Let’s start with what Elemental does well: customization. Everything from what your individual buildings look like to what your units use and are equipped with is malleable by you. You can enter the Workshop menu to design your buildings, units, maps, and even spell effects. The mod tools at your disposal are incredibly deep and complex, but the game makes sure you can easily share your creations with other players through Impulse. You can create your own Sovereign if you like as well, choosing your starting stats and abilities and feats you would like. You can very well make Elemental your own game if you like; all the tools are there.
The game also does a great job of combining D&D-style questing with its Civilization-like city building. You can send your Sovereign and up to eight other units out to accept quests and gain items and spell books to boost your civilization or characters. Numerous inns, wreckages, and monster camps litter the randomly generated maps and are begging to be visited so you can embark on your next adventure.
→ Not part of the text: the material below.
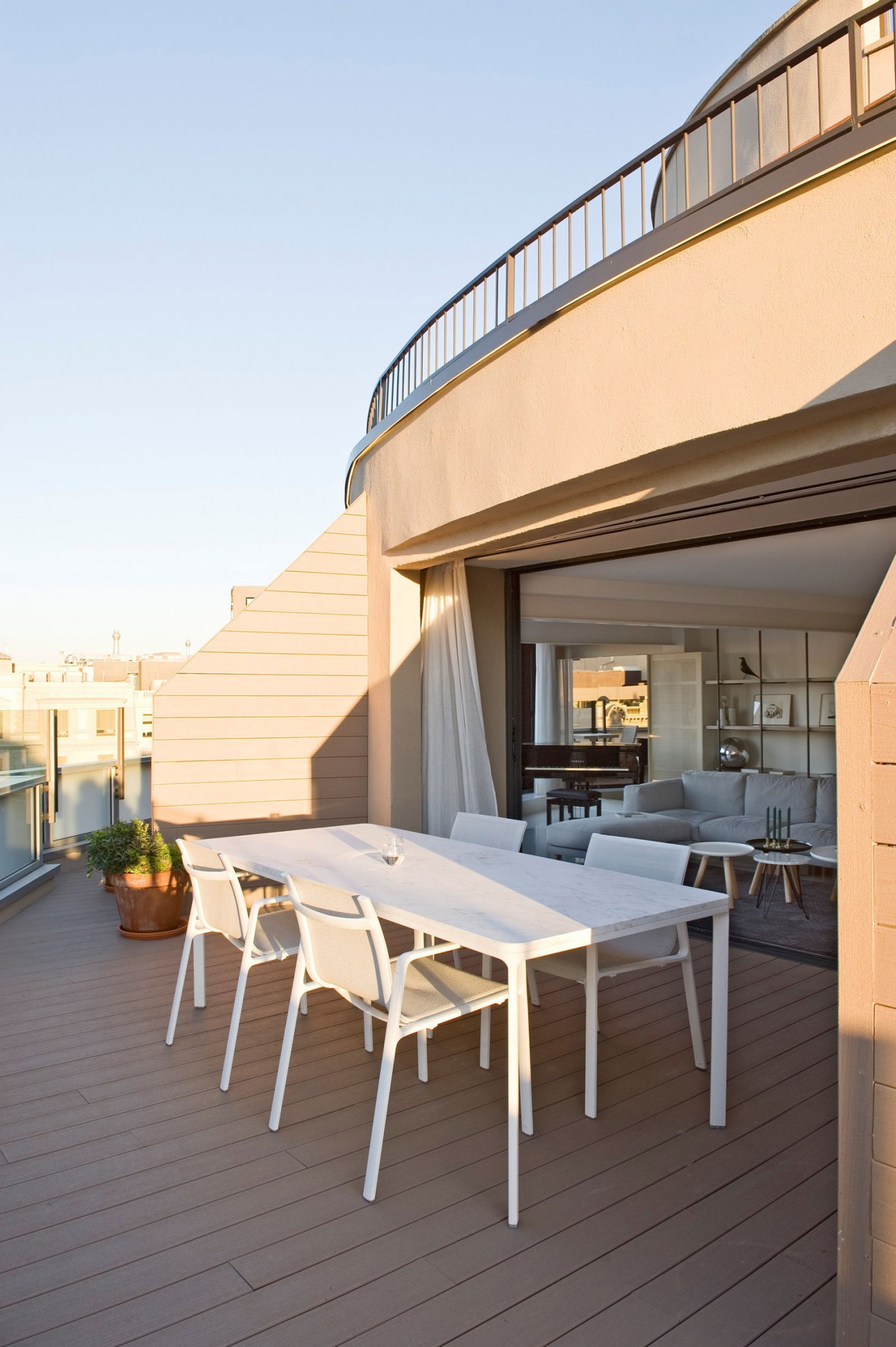 Paseo de Gràcia Penthouse by CaSA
It’s easy to get caught up just questing and gathering new items as much as it is building your cities.
While the D&D inspired elements and customization is great, though, the main gameplay is sorely lacking. 4X games quickly grow more grandiose than your simple beginnings and usually provide you a way to keep track of all your cities and in-game events. Elemental does not do this. When a building is complete, a tiny box in the corner of the screen informs you — something I constantly kept overlooking while managing other cities. This means you’ll have a city sitting idle adding nothing to your production totals. It would be great to be snapped to the city in question or even have a larger prompt come up to ask if you want to build something else, like the Civ games. There is also no way to place a city on auto-pilot. You have to micro-manage every city and manually scroll to each one to boot; there is no way to jump from city to city from a central screen.
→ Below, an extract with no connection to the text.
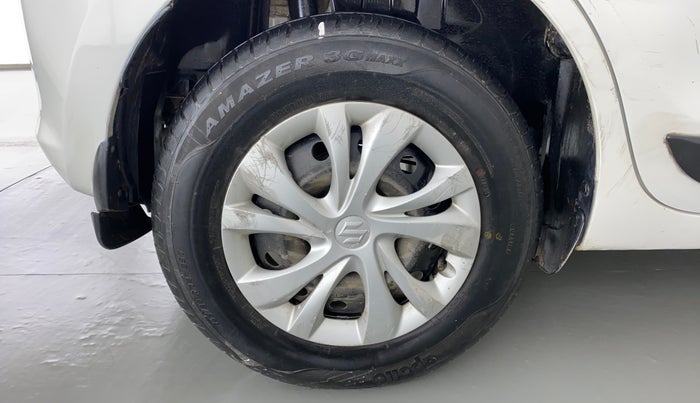 2018 Maruti Swift VXI, Petrol, Manual, 42,781 km, Right Rear Wheel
The micro-managing extends even further into frustration. You’re given 5 research trees to progress through, each one offering a different path for you to follow. You can progress through one each time you level it up, so you aren’t stuck on one path. The problem is these research trees could be combined and streamlined to make the experience more manageable. Diplomacy has its own tree, but this could be combined with Civilization. Arcane could be combined with Warfare since most magic is either combat or support spells. It feels useless to have it all separated.
The last feature of Elementalis its Campaign Mode, a short, story-based mode that follows a specific Sovereign as he tries to warn his home kingdom of a pending attack. That one-sentence summary is vastly more interesting than the tale Elemental tries to tell. It’s an insipid and derivative story that goes nowhere and has no feeling or flair. It’s also broken. The last part of the first Book (there will be more Books to come via patch updates and expansions) does not load properly and glitches out. I’ve tried the Campaign from the beginning three separate times — the second time was because the latest patch rendered all my saves void — and each time the final city wouldn’t populate and I couldn’t progress. This part of the game also doesn’t feature all the gameplay elements of the main single-player mode, but has you follow a linear path and build new cities and buildings when it tells you to. It’s like playing with an annoying friend over your shoulder telling you what to do and never letting you play.
Presentation is also a weak element. The music is composed of the same two fantasy orchestral tracks on repeat, and the graphical style is comprised of dark, two-tone colors and cartoonish characters that look like they belong in a Saturday morning cartoon instead of a dark fantasy game.
It’s surprising that Stardock would release Elemental in the condition it’s in. The game is unfinished in every respect, lacking features that are standard in current 4X games and in video games in general. It’s a confusing mess that buries all of its interesting features under bad decisions and broken mechanics.